Coca-Cola is shifting from a decades-old volume-chasing playbook to a data-driven approach that uses artificial intelligence to serve premium and value consumers simultaneously, according to President and CFO John Murphy at Deutsche Bank's dbAccess Global Consumer Conference on June 5.
The pivot reflects the post-pandemic reality: consumers face uneven financial pressure. Some can afford price increases; others cannot. The company calls this segmentation the "K-shaped economy," and it means abandoning the assumption that all volume growth matters equally.
From volume to value equation
For years, Coca-Cola's strategy was straightforward: push for market share by volume. That changed after 2020. In the two to three years following the pandemic, the company raised prices and found consumers largely willing to pay, Murphy said. But that math does not work indefinitely. "Doing it for a couple of years does not mean it's the right thing to do for many years," he said.
The shift to a "value equation" means Coca-Cola now judges success by revenue per customer, not units sold.
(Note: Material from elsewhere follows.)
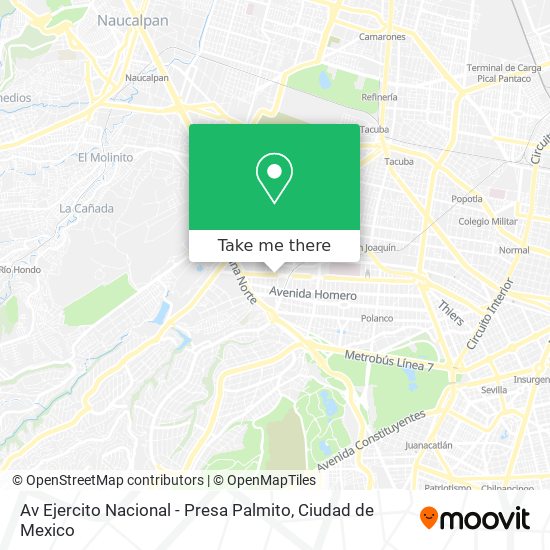 Av Ejercito Nacional - Presa Palmito map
This matters because consumers globally face financial pressure. "We have a choice to stay relevant with them or not," Murphy said.
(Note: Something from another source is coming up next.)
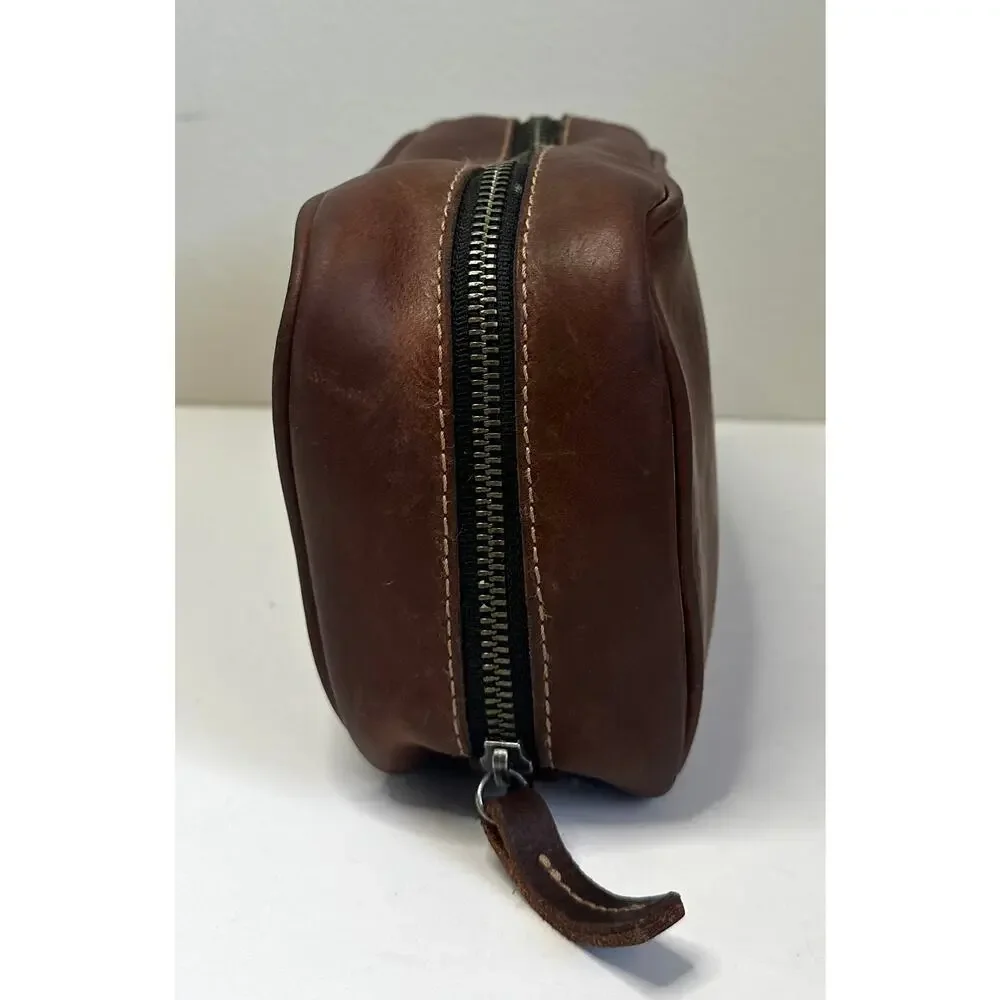 Vintage Men's Oiled Leather Brown Multi Compartment Toiletry/Travel/Gym Bag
AI as growth engine, not cost cutter
Coca-Cola's retail growth management (RGM) system now uses AI to develop both premium and value product lines, Murphy explained. This contrasts with how many firms deploy AI, which is primarily to cut labor. Instead, Murphy frames AI as "more of a growth enabler than a cost reducer."
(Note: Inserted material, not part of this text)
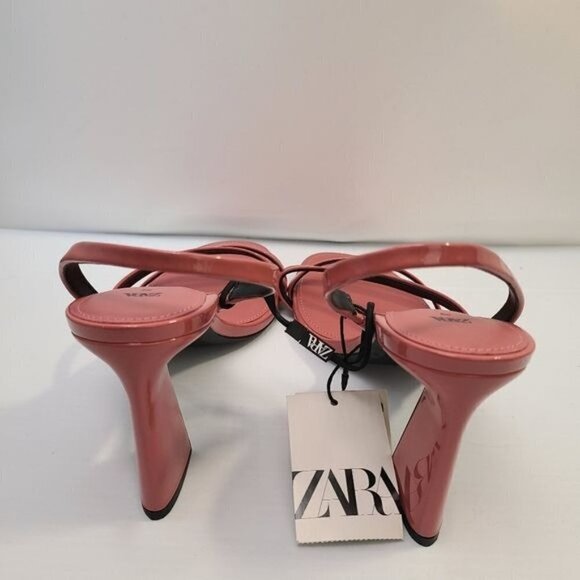ZARA STRAPPY BLOCK HEEL SANDALS Pink SIZE 8 | 1332/110 - Picture 7 of 11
The company cited its Core Power high-protein shake brand, made by Fairlife, as an example of how it serves higher-margin categories within a wallet-constrained customer base.
New CEO pushes underdeveloped markets
Incoming CEO Henrique Braun, who took the helm in March after nearly three decades at Coca-Cola and most recently served as chief operating officer, is driving sharper focus on less-developed regions within the company's 200-plus brands across 200+ countries. "The idea of demanding more from more markets is something that he's bringing loud and clear into our system," Murphy said, noting that Braun brings "new energy" and "sharper thinking into areas that we need to be better at."
Global complexity as moat
Coca-Cola's geographic and portfolio breadth creates an advantage over smaller competitors. Developing markets have shown more volatility in recent years, but the company's scale allows it to innovate with precision across customer segments. "Sometimes complexity means that nobody else can do it, and in its own way that offers us an advantage in the United States," Murphy said.